At NVIDIA GTC 2026, the company has expanded its server lineup with the new efficient single-slot RTX PRO 4500 Blackwell Server Edition GPU. NVIDIA describes it as an "energy-efficient multi-workload accelerator designed to deliver breakthrough performance across a broad range of enterprise workloads," which, of course, includes AI inference as well as other high-end computing tasks, such as video processing.

With 10,496 CUDA Cores, which is slightly lower than the number featured in the gaming-class GeForce RTX 5080 GPU featuring the same GB203 chip, it's also packed with 32GB of GDDR7 memory on a 256-bit interface to deliver memory bandwidth of 800 GB/s. Power consumption-wise, it lives up to its efficient label with the single-slot passively cooled GPU drawing up to 165W.
Naturally, the single-slot form factor is designed for servers and data center racks with multi-GPU setups, where a dozen GPUs could be installed in a single system.
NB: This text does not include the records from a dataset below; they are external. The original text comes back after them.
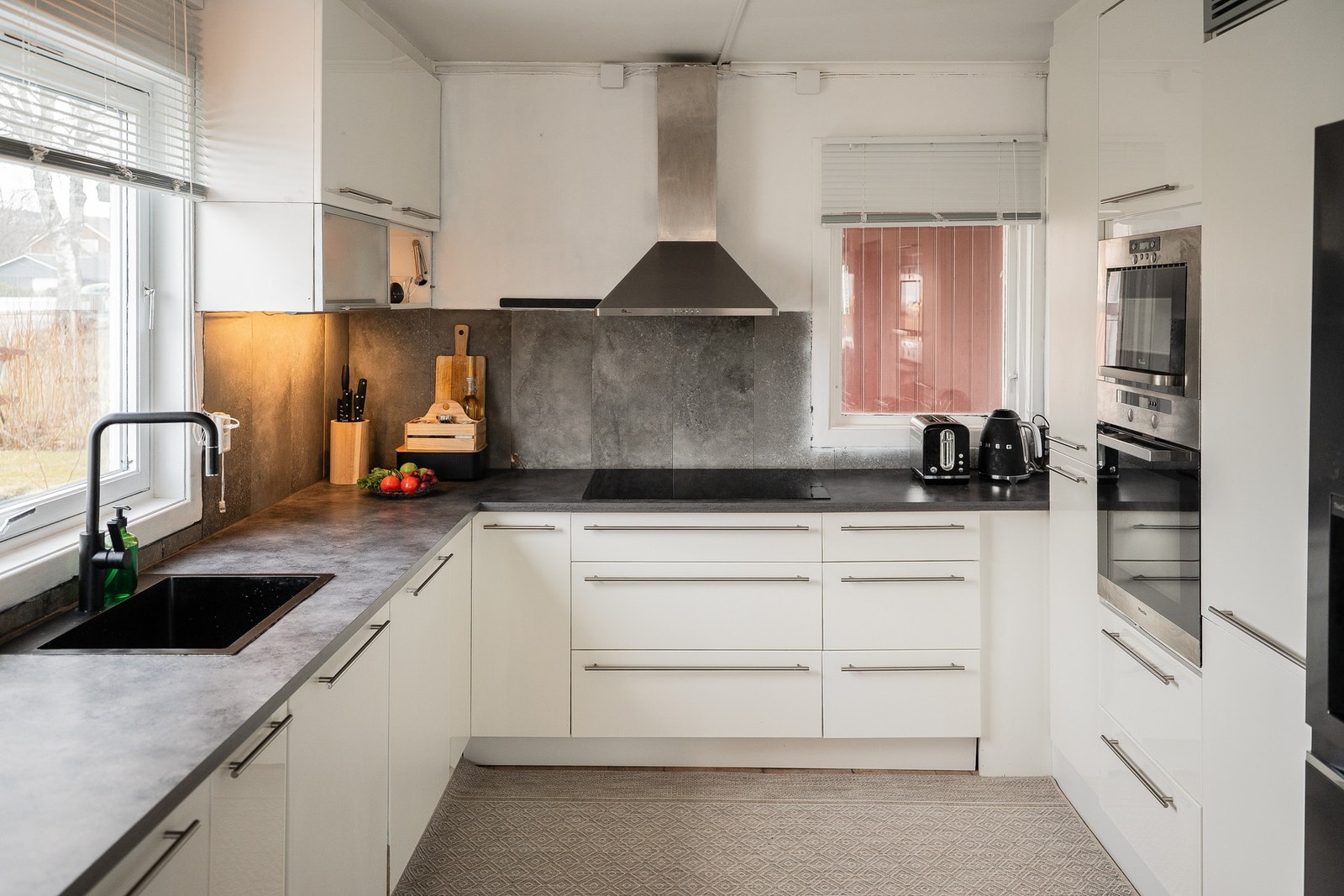 Kjøkken med integrerte hvitevarer og god plass til både oppbevaring og matlaging. Galleribilde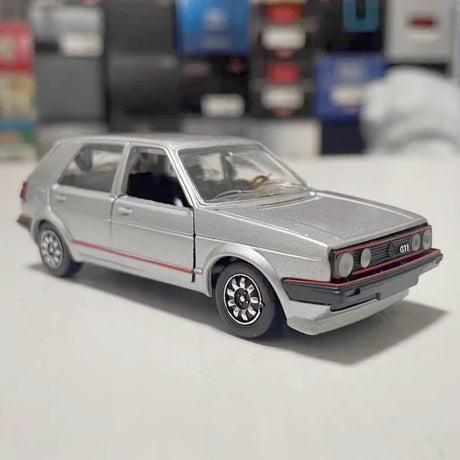 [Schabak] 1:43 Volkswagen 1985 Golf GTI MK2 Silver Model Car Die-Cast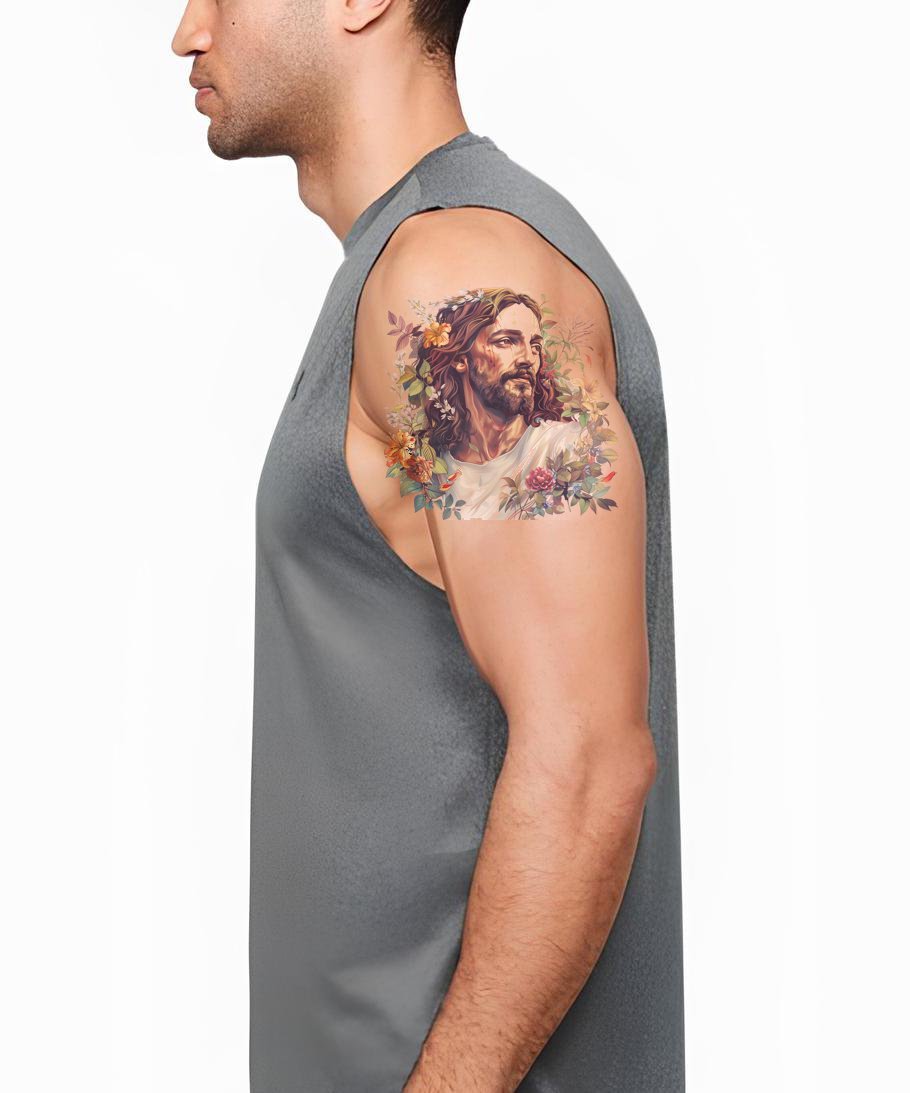 Savior Jesus Christ e Design de Tatuagem com a Natureza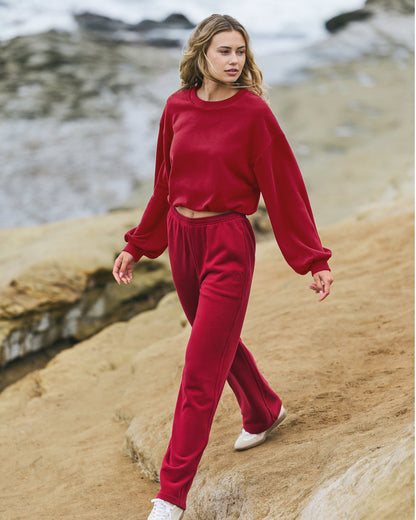 Vuori Sedona Bubble Crew Women's Strawberry Pullover Crewneck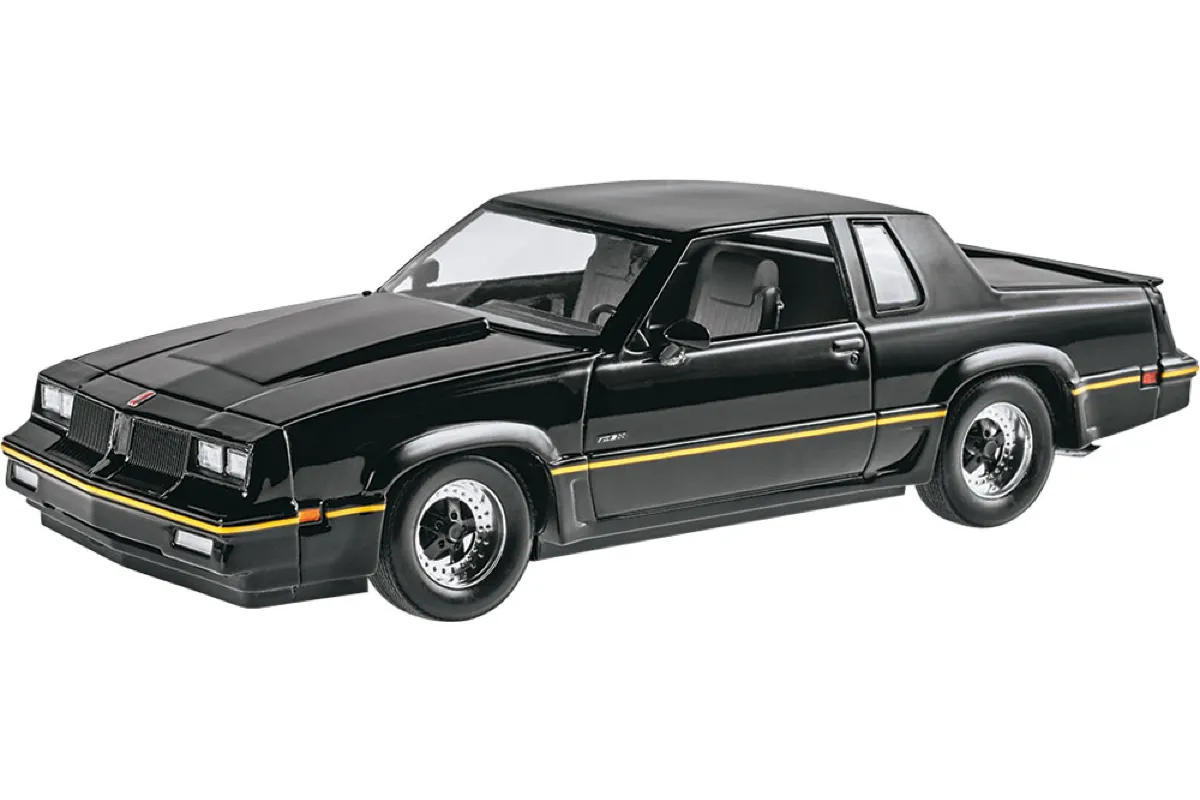 Revell 1 25 1985 Oldsmobile 442 FE3 X Show Car Scaled Plastic Model Kit 85 4446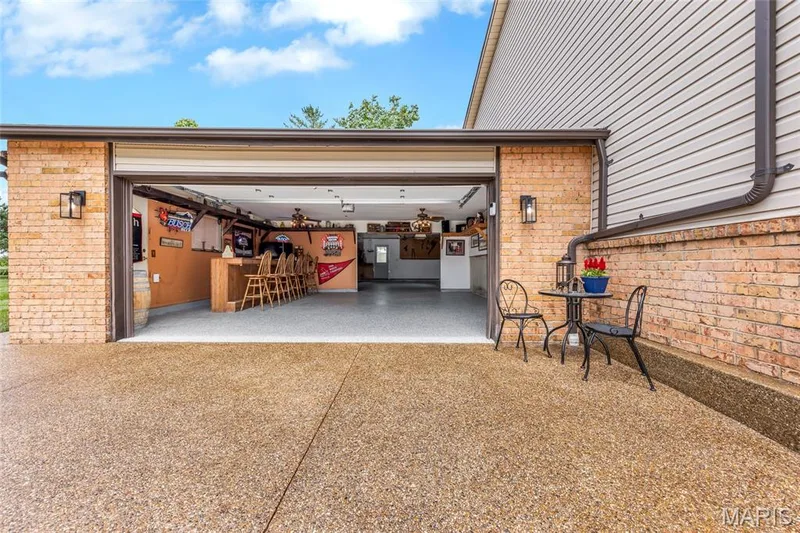 If you're coming to LSL you are going to need a place for all your toys! How about 1150 sq feet of garage! — 16 La Rochelle Court, Lake St. Louis, MO 63367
The RTX PRO 4500 Blackwell Server Edition GPU is similar, spec-wise, to the dual-slot actively cooled RTX PRO 4500 Blackwell, albeit with a lower power rating and slightly reduced memory bandwidth.

Performance-wise, NVIDIA touts its capabilities and efficiency compared to CPU-only systems, with the RTX PRO 4500 Blackwell Server Edition GPU delivering up to 50X higher performance for vector databases leveraging NVIDIA's cuVS technology for AI. And with fifth-generation Tensor Cores and NVIDIA's advanced video processing, vision-based applications will see an even greater performance increase than on CPU-only systems.
Here's a look at the full specs, including various FP4, FP8, and other AI performance metrics.
NVIDIA RTX PRO 4500 Blackwell Server Edition Specs
| Item | Details |
|---|---|
| GPU Architecture | NVIDIA Blackwell Architecture |
| CUDA parallel processing cores | 10,496 |
| NVIDIA RT Cores | 82 |
| FP4 Tensor Core | 1.6 PFLOPS |
| FP8 Tensor Core | 811 TFLOPS |
| FP16 / BF16 Tensor Core | 406 TFLOPS |
| TF32 Tensor Core | 203 TFLOPS |
| Single‑precision performance (FP32) | 51 TFLOPS |
| Peak RT Core performance | 154 TFLOPS |
| GPU memory | 32 GB GDDR7 |
| Memory interface | 256‑bit |
| Memory bandwidth | 800 GB/s |
| Power consumption | 165 W |
| Multi‑Instance GPU | Up to 2 MIG at 16 GB |
| NVENC / NVDEC | 3x, 3x |
| Confidential compute | Supported |
| Interconnect | PCI Express 5.0 x16 |
| Form factor | Single‑slot, FHFL (4.4" H x 10.5" L) |
| Thermal solution | Passive |
| Power connector | 1x PCIe CEM5 16‑pin |